No una paz barata, sin mayores exigencias y alcances. El compromiso por la
justicia, que el reino de Dios exige, puede producir a veces separación o incomprensión
de los otros. El cristiano las asumirá con la firmeza de sus convicciones,
detrás de las cuales actúa siempre el amor de Dios que triunfa.
El
mensaje cristiano siempre podrá parecer crítico porque busca, interroga,
conmueve. La palabra del Señor enfrenta a toda sociedad mal organizada e
interpela también a la Iglesia por las adherencias que se le pegan en su labor
por el reino.
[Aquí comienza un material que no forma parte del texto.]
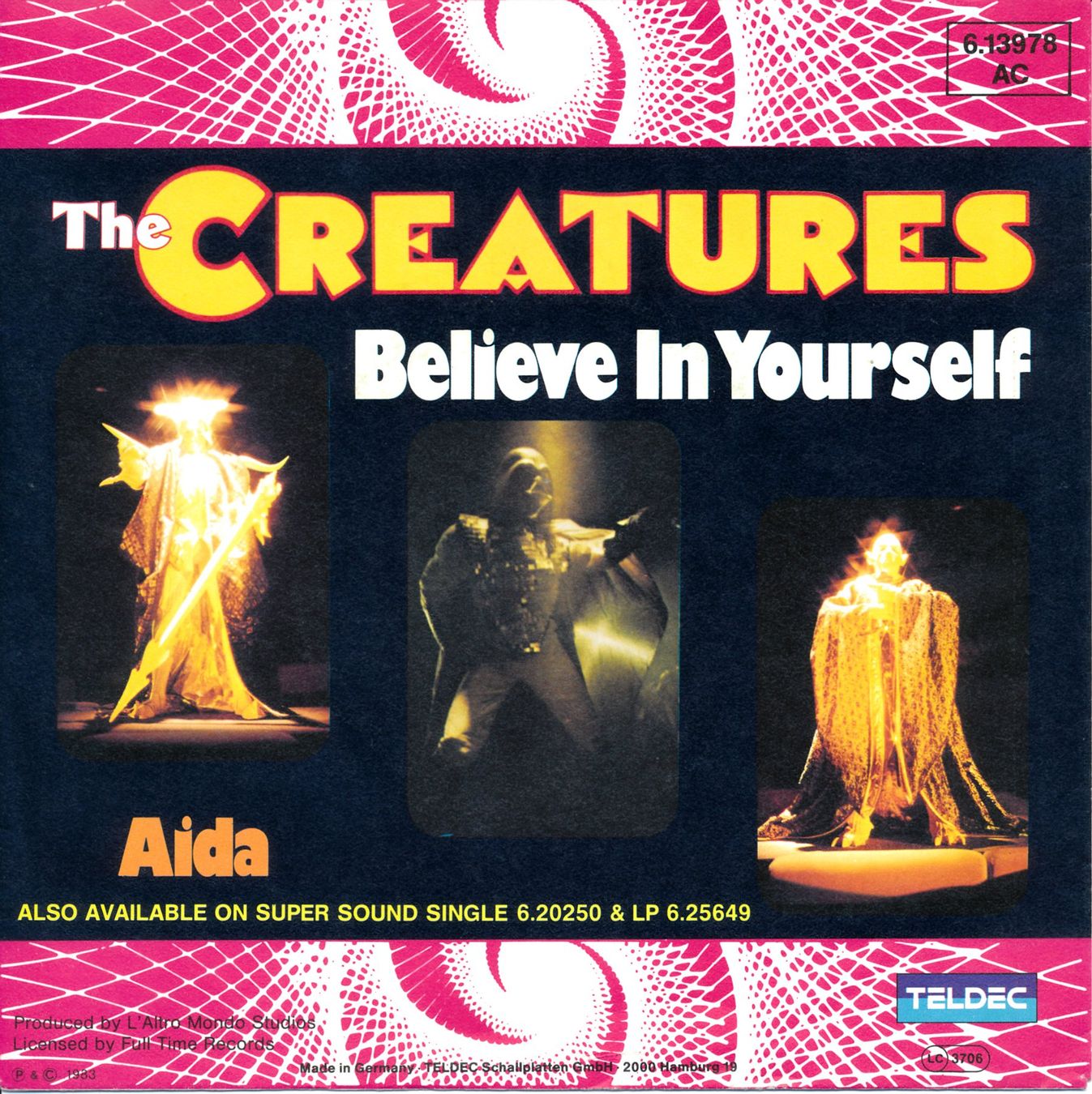 Dischi in vinile: CREATURES - BELIEVE IN YOURSELF (7'' Vinyl Single NM) – Usato da Hedingen venduto da Studers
El evangelio es actual
y lúcido; utiliza códigos culturales de hoy, pero no concuerda con
proclamas ideológicas.
Es
esperanzador, libera, comunica
el Espíritu de Dios que siempre alienta e impulsa, no desanima ni humilla; pero
propone el ejemplo de Jesús, que nunca pretendió estar de acuerdo con todos ni a
cualquier precio, ni quiso poner su vida a salvo sino entregarla. El evangelio
es el sueño de Jesús de una humanidad realmente fraterna, un mundo donde sea
posible la justicia. Ese es el fuego interior que le mueve, el fuego que ha venido a traer a la tierra, y cómo
desearía que estuviera ya propagándose.
¡Ojalá
estuviera ya ardiendo! Pero nos da miedo ese fuego de
amor y justicia, y no le permitimos que prenda en nosotros. Olvidamos lo que
dice San Pablo: Es cierta esta verdad: Si
con él morimos, viviremos con él; si con él sufrimos, reinaremos con él; si lo
negamos, también él nos negará; si le somos infieles, él permanece fiel porque
no puede negarse a sí mismo (2 Tim 2, 12-14).